GUARANTY, dated as of March 2, 2007, made by FIRSTENERGY CORP., an Ohio corporation (the " Guarantor "), in favor of the Lender (as defined in the Credit Agreement referred to below).

 

PRELIMINARY STATEMENT

 

FirstEnergy Solutions Corp., an Ohio corporation (the " Borrower "), is party to a Credit Agreement, dated as of the date hereof (as amended, amended and restated, supplemented or otherwise modified from time to time, the " Credit Agreement "; the capitalized terms defined therein and not otherwise defined herein being used herein as therein defined), with the Lender. The Guarantor shall receive, directly or indirectly, all of the proceeds of the Loan under the Credit Agreement and will derive substantial direct and indirect benefits from the transactions contemplated by the Credit Agreement. After the date hereof, the Borrower shall be required to meet the debt to capitalization ratio financial covenant described in Section 5.02 of the Credit Agreement only at such time as this Guaranty shall no longer be in effect in accordance with the terms hereof.

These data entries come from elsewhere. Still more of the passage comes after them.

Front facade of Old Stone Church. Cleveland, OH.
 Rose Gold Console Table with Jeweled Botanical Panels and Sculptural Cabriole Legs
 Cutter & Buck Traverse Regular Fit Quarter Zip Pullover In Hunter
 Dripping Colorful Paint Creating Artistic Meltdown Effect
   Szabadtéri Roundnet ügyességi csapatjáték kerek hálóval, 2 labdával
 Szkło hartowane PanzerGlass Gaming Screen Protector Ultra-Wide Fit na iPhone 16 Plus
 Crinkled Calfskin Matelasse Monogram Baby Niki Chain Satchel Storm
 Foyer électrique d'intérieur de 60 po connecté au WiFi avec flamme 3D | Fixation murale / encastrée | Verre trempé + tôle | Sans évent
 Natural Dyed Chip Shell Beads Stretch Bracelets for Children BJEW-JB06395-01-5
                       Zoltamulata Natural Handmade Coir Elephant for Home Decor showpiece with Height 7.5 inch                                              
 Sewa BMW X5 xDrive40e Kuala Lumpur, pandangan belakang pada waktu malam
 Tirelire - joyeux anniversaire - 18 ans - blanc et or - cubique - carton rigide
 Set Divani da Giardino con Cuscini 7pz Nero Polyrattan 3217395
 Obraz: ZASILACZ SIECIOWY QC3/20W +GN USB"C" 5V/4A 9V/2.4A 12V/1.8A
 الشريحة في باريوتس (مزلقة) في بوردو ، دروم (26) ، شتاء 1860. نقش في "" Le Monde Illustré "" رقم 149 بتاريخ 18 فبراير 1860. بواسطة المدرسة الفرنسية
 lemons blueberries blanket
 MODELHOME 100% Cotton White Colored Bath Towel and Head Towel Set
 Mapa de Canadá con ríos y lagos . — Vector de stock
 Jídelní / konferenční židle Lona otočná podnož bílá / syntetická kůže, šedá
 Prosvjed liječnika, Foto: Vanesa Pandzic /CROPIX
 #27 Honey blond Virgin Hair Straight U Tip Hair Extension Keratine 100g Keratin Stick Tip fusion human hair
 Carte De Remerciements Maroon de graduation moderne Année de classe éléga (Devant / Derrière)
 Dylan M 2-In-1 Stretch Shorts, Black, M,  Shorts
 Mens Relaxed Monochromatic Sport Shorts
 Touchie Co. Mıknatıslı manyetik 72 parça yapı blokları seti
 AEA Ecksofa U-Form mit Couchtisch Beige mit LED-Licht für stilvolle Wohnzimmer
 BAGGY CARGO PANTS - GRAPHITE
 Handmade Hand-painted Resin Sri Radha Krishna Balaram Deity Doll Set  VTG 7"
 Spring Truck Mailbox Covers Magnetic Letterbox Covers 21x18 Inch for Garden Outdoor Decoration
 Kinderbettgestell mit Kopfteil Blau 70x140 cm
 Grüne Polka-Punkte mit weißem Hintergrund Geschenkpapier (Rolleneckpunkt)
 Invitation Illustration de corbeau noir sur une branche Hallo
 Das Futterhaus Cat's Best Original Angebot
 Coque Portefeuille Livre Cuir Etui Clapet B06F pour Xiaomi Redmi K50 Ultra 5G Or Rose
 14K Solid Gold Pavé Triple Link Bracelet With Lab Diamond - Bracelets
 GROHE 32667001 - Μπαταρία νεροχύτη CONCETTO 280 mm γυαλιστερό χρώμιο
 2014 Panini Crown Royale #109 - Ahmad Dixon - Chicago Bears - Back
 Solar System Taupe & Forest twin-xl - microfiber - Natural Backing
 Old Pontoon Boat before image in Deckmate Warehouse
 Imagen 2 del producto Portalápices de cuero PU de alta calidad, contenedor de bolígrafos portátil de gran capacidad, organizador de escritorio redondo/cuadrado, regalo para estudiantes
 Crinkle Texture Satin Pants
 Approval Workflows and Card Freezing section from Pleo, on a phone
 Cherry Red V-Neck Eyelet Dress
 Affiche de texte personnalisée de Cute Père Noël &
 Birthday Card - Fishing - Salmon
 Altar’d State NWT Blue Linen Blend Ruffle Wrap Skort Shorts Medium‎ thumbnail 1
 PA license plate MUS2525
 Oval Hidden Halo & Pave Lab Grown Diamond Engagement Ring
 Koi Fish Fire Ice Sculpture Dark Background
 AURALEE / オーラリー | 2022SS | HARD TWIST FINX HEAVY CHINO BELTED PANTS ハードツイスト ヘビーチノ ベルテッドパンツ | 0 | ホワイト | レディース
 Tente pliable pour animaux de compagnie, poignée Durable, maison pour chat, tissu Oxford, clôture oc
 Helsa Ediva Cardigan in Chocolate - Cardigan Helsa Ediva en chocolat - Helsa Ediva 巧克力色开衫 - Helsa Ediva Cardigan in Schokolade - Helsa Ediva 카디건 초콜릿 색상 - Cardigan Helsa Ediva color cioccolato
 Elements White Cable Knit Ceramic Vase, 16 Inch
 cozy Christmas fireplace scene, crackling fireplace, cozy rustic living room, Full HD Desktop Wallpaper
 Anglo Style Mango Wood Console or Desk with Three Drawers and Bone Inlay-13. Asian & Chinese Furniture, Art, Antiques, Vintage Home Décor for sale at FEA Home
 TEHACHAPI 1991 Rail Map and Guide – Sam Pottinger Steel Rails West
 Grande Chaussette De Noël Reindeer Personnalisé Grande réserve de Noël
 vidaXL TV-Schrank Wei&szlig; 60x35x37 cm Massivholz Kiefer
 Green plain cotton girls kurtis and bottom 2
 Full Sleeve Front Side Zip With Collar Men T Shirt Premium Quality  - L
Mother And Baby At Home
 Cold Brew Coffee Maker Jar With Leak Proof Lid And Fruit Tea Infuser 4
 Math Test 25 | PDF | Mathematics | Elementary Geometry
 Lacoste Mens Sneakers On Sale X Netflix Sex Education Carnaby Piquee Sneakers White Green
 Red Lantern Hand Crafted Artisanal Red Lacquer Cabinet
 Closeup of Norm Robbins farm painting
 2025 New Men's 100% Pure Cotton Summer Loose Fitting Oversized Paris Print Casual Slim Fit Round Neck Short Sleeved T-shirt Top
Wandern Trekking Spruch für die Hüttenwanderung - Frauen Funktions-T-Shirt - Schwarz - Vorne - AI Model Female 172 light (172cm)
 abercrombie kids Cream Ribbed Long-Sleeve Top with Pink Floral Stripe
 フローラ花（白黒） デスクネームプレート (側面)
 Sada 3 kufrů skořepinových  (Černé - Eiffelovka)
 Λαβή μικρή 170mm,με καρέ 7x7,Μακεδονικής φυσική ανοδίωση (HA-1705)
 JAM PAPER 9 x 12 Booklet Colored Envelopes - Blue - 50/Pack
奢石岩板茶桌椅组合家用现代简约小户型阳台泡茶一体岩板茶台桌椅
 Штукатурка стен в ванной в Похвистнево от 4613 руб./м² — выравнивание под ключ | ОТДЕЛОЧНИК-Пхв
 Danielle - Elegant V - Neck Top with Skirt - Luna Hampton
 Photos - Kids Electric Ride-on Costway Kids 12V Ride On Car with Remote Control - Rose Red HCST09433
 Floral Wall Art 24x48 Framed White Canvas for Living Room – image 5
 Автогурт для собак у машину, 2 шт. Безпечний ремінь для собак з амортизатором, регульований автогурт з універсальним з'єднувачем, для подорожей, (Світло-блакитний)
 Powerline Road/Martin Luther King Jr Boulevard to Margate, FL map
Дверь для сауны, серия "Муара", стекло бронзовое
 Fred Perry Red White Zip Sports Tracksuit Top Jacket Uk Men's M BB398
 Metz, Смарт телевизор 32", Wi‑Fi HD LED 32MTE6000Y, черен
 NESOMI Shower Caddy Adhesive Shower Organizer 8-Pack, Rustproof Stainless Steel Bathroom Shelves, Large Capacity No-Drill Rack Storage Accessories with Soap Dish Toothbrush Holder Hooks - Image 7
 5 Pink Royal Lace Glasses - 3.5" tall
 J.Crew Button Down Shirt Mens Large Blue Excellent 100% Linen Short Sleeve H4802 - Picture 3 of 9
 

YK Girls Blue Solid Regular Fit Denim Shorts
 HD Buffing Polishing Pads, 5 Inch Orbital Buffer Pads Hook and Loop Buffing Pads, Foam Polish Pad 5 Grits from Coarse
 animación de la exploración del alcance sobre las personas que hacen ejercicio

NOW, THEREFORE, in consideration of the premises and in order to induce the Lender to make the Loan for the account of the Borrower, the Guarantor hereby agrees as follows:

 

SECTION 1. Guaranty; Limitation of Liability.

 

The Guarantor hereby absolutely, unconditionally and irrevocably guarantees the punctual payment when due, whether at scheduled maturity or on any date of a required prepayment or by acceleration, demand or otherwise, of the Applicable Percentage (as defined below) of all payment, performance and other obligations of the Borrower now or hereafter existing under or in respect of the Loan Documents (including, without limitation, any extensions, modifications, substitutions, amendments or renewals of any or all of the foregoing obligations), whether direct or indirect, absolute or contingent, and whether for principal, interest, reimbursement obligations, premiums, fees, indemnities, contract causes of action, costs, expenses or otherwise, including, without limitation, (i) the obligation of the Borrower to pay principal, interest, charges, expenses, fees, attorneys’ fees and disbursements, indemnities and other amounts payable by the Borrower under any Loan Document and (ii) any liability of the Borrower on any claim, whether or not the right of any creditor to payment in respect of such claim is reduced to judgment, liquidated, unliquidated, fixed, contingent, matured, disputed, undisputed, legal, equitable, secured or unsecured, and whether or not such claim is discharged, stayed or otherwise affected by any proceeding (such obligations being the " Guaranteed Obligations "), and agrees to pay any and all expenses (including, without limitation, fees and expenses of counsel) incurred by the Lender in enforcing any rights under this Guaranty or any other Loan Document. As used herein, " Applicable Percentage " shall mean (i) 100%, at any time that the Borrower has a Borrower’s Rating of less than BBB- by S&P and Baa3 by Moody’s and (ii) 0%, at any time that the Borrower has a Borrower’s Rating of at least BBB- by S&P and Baa3 by Moody’s.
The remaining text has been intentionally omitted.